Segment Open

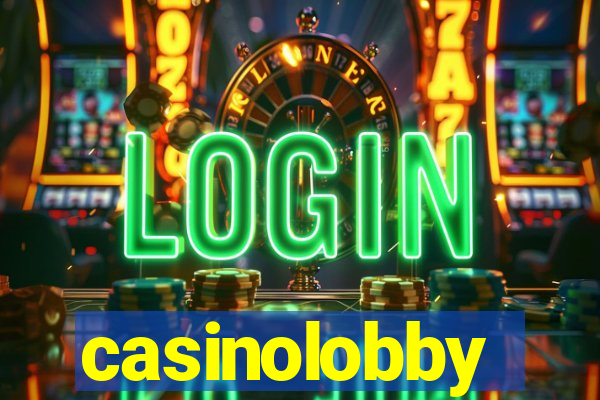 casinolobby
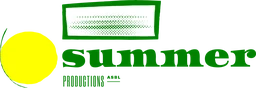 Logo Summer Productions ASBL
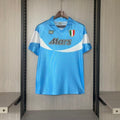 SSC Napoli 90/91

Segment Closed
Segment Open

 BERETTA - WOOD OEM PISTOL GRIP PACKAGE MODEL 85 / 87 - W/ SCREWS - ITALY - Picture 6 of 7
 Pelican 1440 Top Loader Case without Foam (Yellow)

Segment Closed

Everything above from the line containing "casinolobby" through the line containing "SSC Napoli 90/91" must be repeated exactly, and the pictures must be left out.

 casinolobby
 Logo Summer Productions ASBL
 SSC Napoli 90/91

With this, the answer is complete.